Task to complete = I'd like the records transcribed exactly, leaving the images out.

Data excerpts =
__________________________________________________

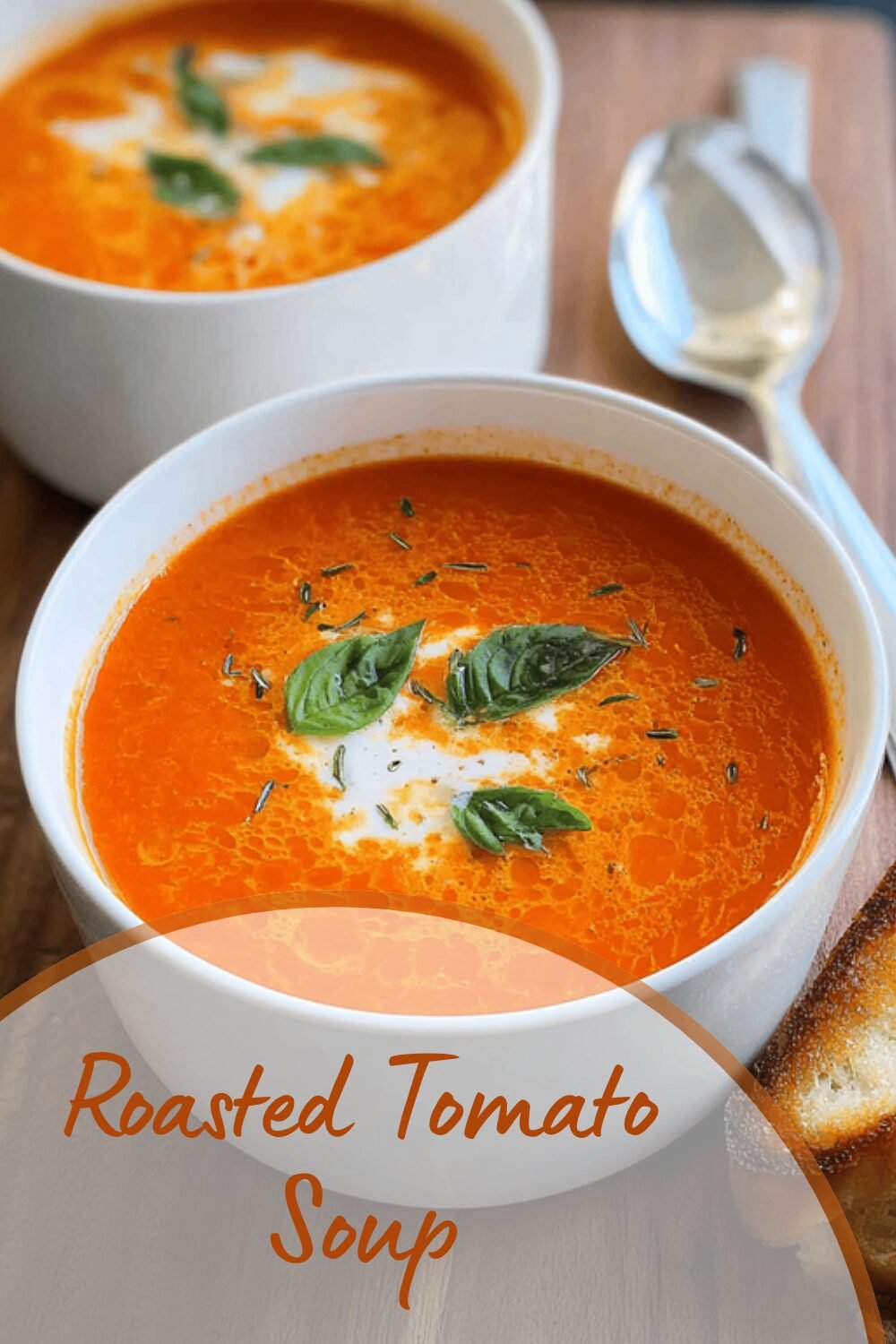 Roasted Tomato Soup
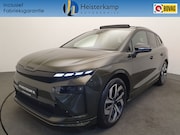 Skoda Enyaq iV - 85 Sportline 82 kWh 286pk Wegklapbare trekhaak, Panoramadak,
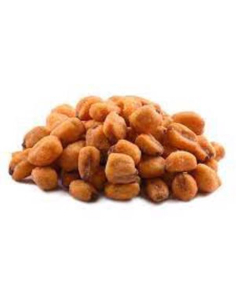 Santos Nuts Bbq Corn 20g x 60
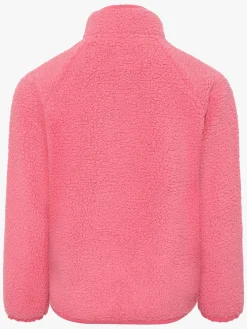 Fleecetøj|Didriksons Gibbs Fleecetrøje, Dusty Azalea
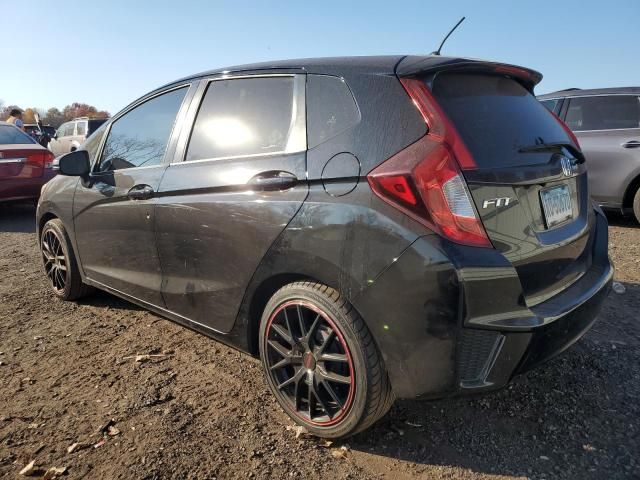 2016 Honda FIT LX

__________________________________________________

Answer for the task =
 Roasted Tomato Soup
 Skoda Enyaq iV - 85 Sportline 82 kWh 286pk Wegklapbare trekhaak, Panoramadak,
 Santos Nuts Bbq Corn 20g x 60
 Fleecetøj|Didriksons Gibbs Fleecetrøje, Dusty Azalea
 2016 Honda FIT LX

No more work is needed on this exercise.